Frage von Selling, 125

Ich nehme in meinem Leben gar nichts ernst - Warum ist das so?

Hallo,

Ich nehme in meinem Leben überhaupt nichts ernst. Auf Fotos habe ich immer ein Grinsen im Gesicht, aber in Wahrheit hasse ich mein Leben, und komme mit nichts und niemandem klar.

Warum also, kann ich nichts ernst nehmen, und auch durchziehen? Die Entscheidungen die ich treffe sind auch nie, von großer Verbundenheit bzw. Festigkeit...

Antwort vom Psychologen online erhalten
Anzeige

Schneller und günstiger Rat zu Ihrer Frage. Kompetent, von geprüften Psychologen.

Experten fragen

Expertenantwort
von Buddhishi, Community-Experte für Psychologie, 79

Hallo Selling,

es kann durchaus positive Seiten haben, nicht alles so ernst zu nehmen. Aber bei Dir scheint das Dein Leben zu bestimmen. Es fehlt der ausgleichende Pol, auch mal ernst sein zu können. Ist das soweit richtig?

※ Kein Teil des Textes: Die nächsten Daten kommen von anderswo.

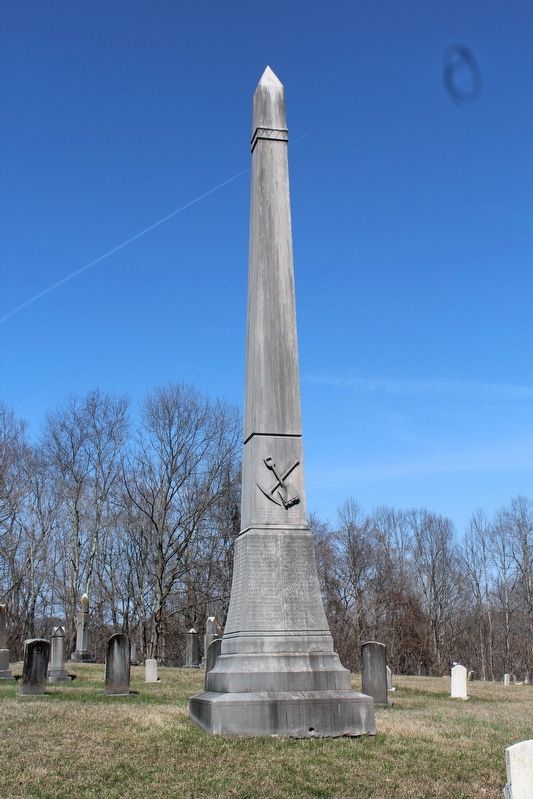 Fraterville Disaster Monument - Leach Cemetery image. Click for full size.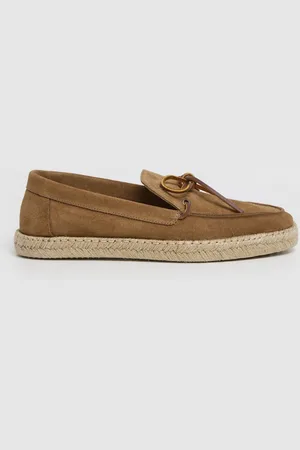 Hackett Suede Espadrilles With Lace-Up Detail AU 9 (EU 43)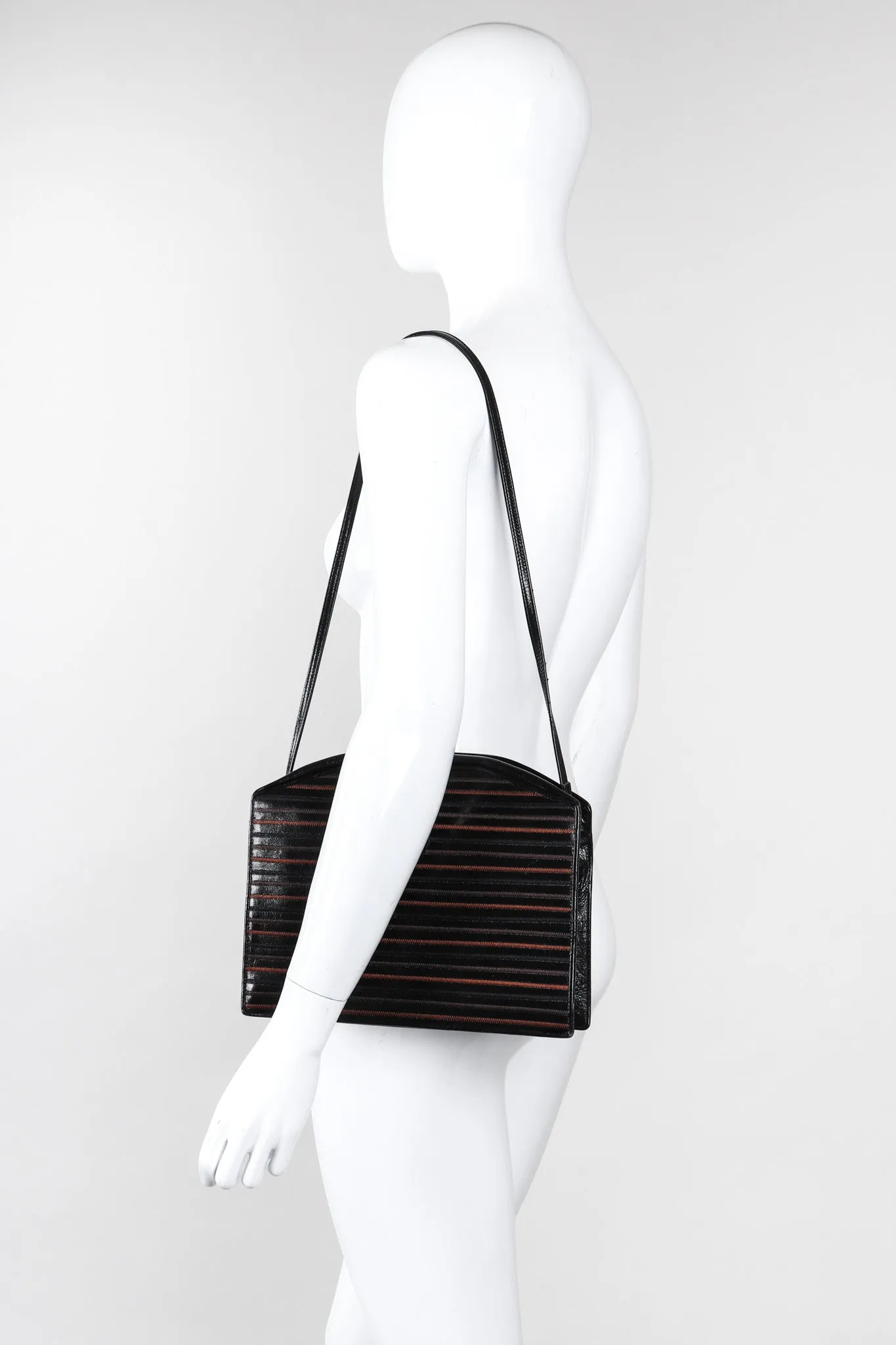 Embroidered Leather Bag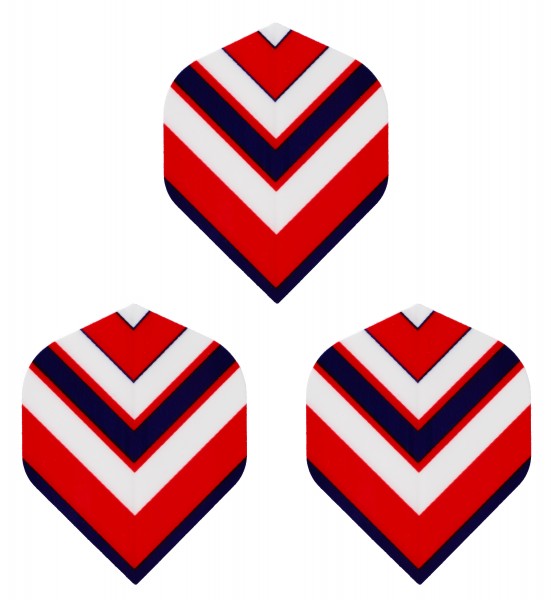 Dart PVC-Leitwerke für Pfeile / 3 Stück / 5 Designs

Vielleicht bist Du noch recht jung und konntest es Dir erlauben, alles mit Leichtigkeit zu betrachten. Vermutlich gab es noch nicht dramatische 'Schicksalsschläge'. Das sind erstmal Spekulationen, denn aus Deinen kurzen Angaben, kann ich leider nicht viel erkennen.

LG Buddhishi

Kommentar von Selling ,

Ich bin 26. Mein Vater starb als ich 7 Jahre alt war. Seit dem Zeitpunkt fühle ich mich verunsichert, co-abhängig (liebes/beziehungssüchtig) und von Angst dominiert

Kommentar von Buddhishi ,

DANKE, für Deine Offenheit. Jetzt kann ich es, glaube ich, besser verstehen.

Das war eine schockierende Erfahrung für Dich, nicht wahr? Ich könnte mir vorstellen, dass das SO ernst für Dich war, dass Du nun, salopp gesagt, vom Ernst die Schnauze voll hast.

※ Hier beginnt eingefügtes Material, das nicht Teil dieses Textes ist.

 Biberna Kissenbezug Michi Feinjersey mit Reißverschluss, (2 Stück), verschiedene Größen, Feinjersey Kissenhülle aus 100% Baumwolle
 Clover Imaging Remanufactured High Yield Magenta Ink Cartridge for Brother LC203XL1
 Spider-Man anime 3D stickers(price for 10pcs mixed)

Und zu Deinem Schutz wird ein Teil von Dir eine Fassade um Dich herum gebaut haben, in der Du nach außen Leichtigkeit ausstrahlst.

Das hat vermutlich auch dazu geführt, dass Du mit nichts und niemandem klar kommst, weil Dein wahres Ich sich ja in Deinem Innern versteckt, um nicht wieder verletzt zu werden.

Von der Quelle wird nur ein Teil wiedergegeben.